Federal Financial Agency Report Number Internet Link Comment
Consumer Financial Protection Bureau Audit report 2015-MO-C-002 http://oig.federalreserve.gov/reports/cfpb-diversity-inclusion-mar2015.pdf American Banker article about racial disparities of CFPB staff evaluations.
Department of the Treasury, Office of the Comptroller of the Currency OIG-15-017 http://www.treasury.gov/about/organizational-structure/ig/Audit%20Reports%20and%20Testimonies/OIG-15-017.pdf
Federal Deposit Insurance Corporation Eval-15-001 http://www.fdicoig.gov/reports15/15-001EV.pdf
Federal Housing Finance Agency EVL-2015-003 http://fhfaoig.gov/Content/Files/EVL-2015-003.pdf
Federal Reserve Board Audit report 2015-MO-B-006 http://oig.federalreserve.gov/reports/board-diversity-inclusion-mar2015.pdf What is left out of the report is significant: Artis v. Bernanke (now Yellen). Also 12 U.S.C. 244 needs Congressional attention to ensure that Title 5 of the U.S. Code applies to the Board; the Board’s record-keeping on, and reporting of, its internal management is lax.
National Credit Union Administration OIG-14-09 http://www.ncua.gov/about/Leadership/CO/OIG/Documents/OIG201409EqualOpportunityDiversity.pdf Click for blog post on this report
Securities and Exchange Commission 528 http://www.sec.gov/oig/reportspubs/528.pdf Report is thorough, thoughtful, and well done.

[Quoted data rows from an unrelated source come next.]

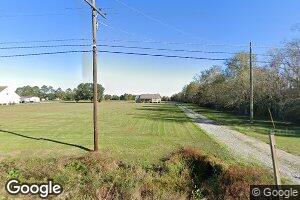 1565 Railroad Ave, Mermentau, LA 70556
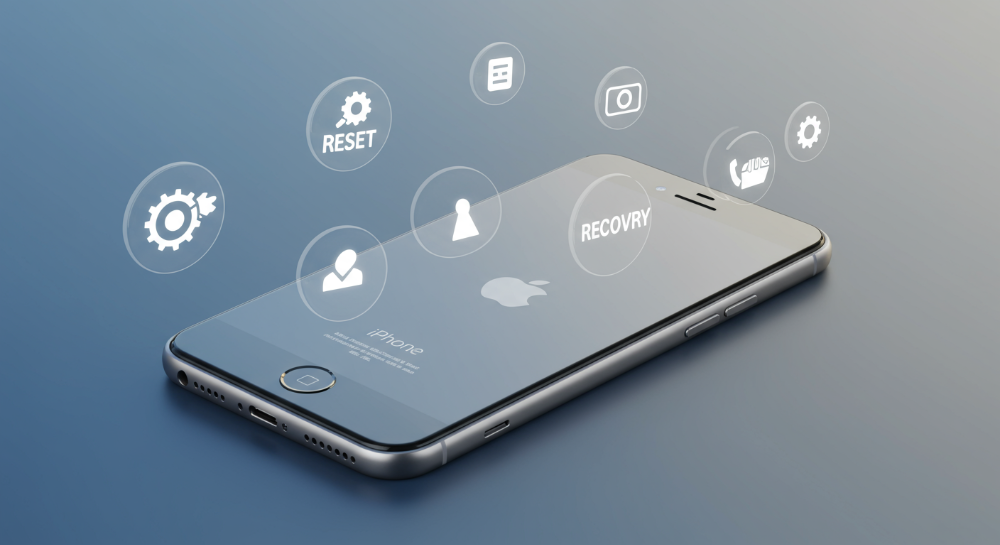 아이폰 비밀번호 잊었을 때 초기화하는 확실한 방법 [2025 최신]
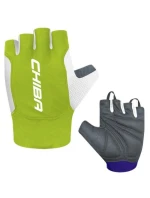 Rukavice CHIBA MISTRAL green XL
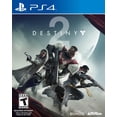 thumbnail image 1 of Restored Destiny 2 by Bungie for Physical Format/PlayStation 4, Shooter Genre, Parental Controls, 1 Offline Player, 1 of 1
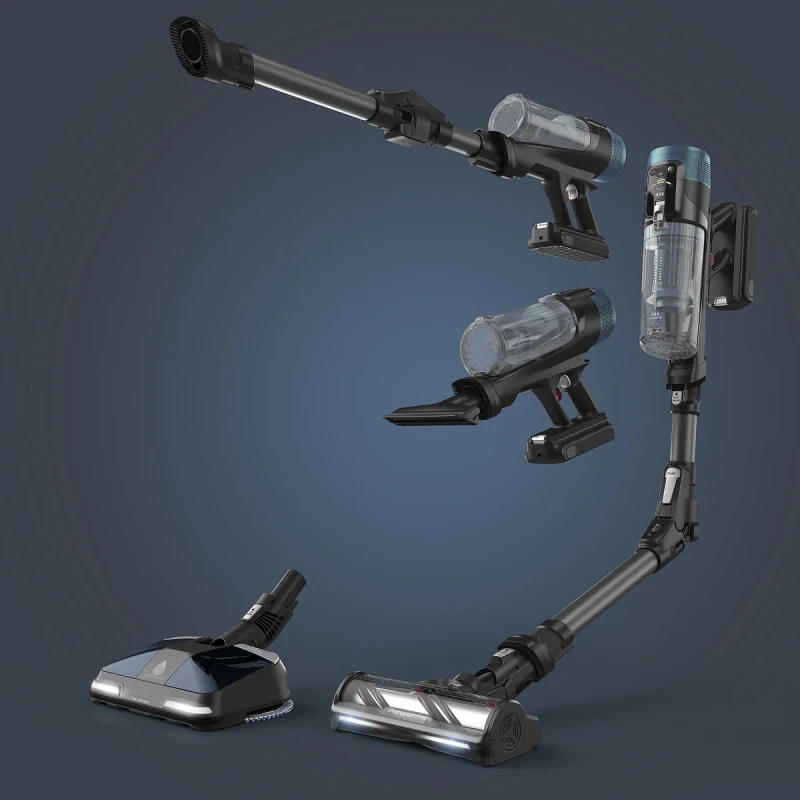 ROWENTA RH9BC1WO VERSATILE X-FORCE FLEX 14.80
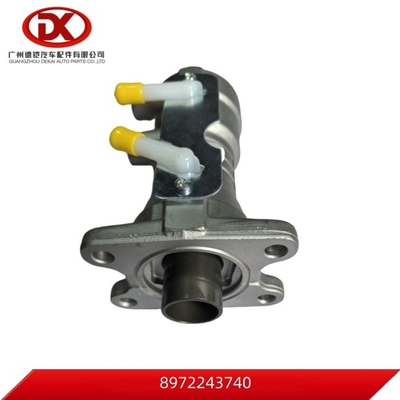 8 97224374 0 8972243740 Fren Ana Silindir ISUZU NKR55 4JB1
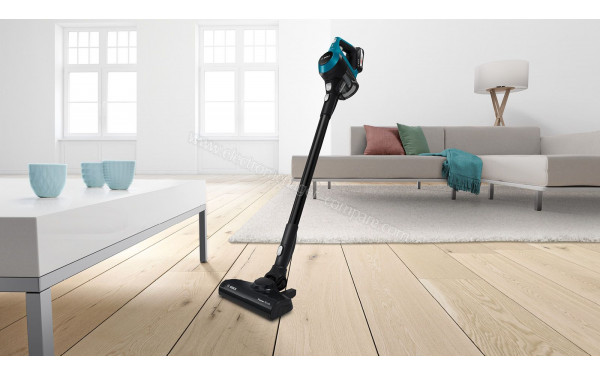 BOSCH BKS6111P - Mise en situation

Because several of the financial agencies have spotty records in diversity and inclusion, it is curious to see this final statement being published for the financial services industry, which may have similar problems. Nevertheless, it is important to have the standards published and the information recorded and published for public review. Oversight of the data that are submitted is essential, given the results from the federal financial regulatory agencies. [For example, it is interesting to see the resistance to diversity and inclusion data collection by the Board’s response through Don Hammond, chief operating officer for the Board. The Board’s history on diversity and inclusion gives an observer pause, and improvement of the Board’s compliance on these issues is expected and necessary.]

In reading the preamble of the final statement, some commentators stated that the then-proposed standards amounted to “quotas” or an additional compliance burden. However, without the data being collected, there are structural problems facing minorities and women in the financial services industry as well in other areas of the society in the United States.

Without these persistent issues, these commentators would have a point. But since the issues still exist in society, within the financial services sector (with existing practices before June 10, 2015), and especially within the federal financial regulatory agencies, data are needed for study. The mere collection and publication of data imposes no requirements for hiring goals; rather, the collection of data only reflects the practices of the collecting organization, which should be confident that its practices are fair and equitable and that that confidence should be demonstrated in its data.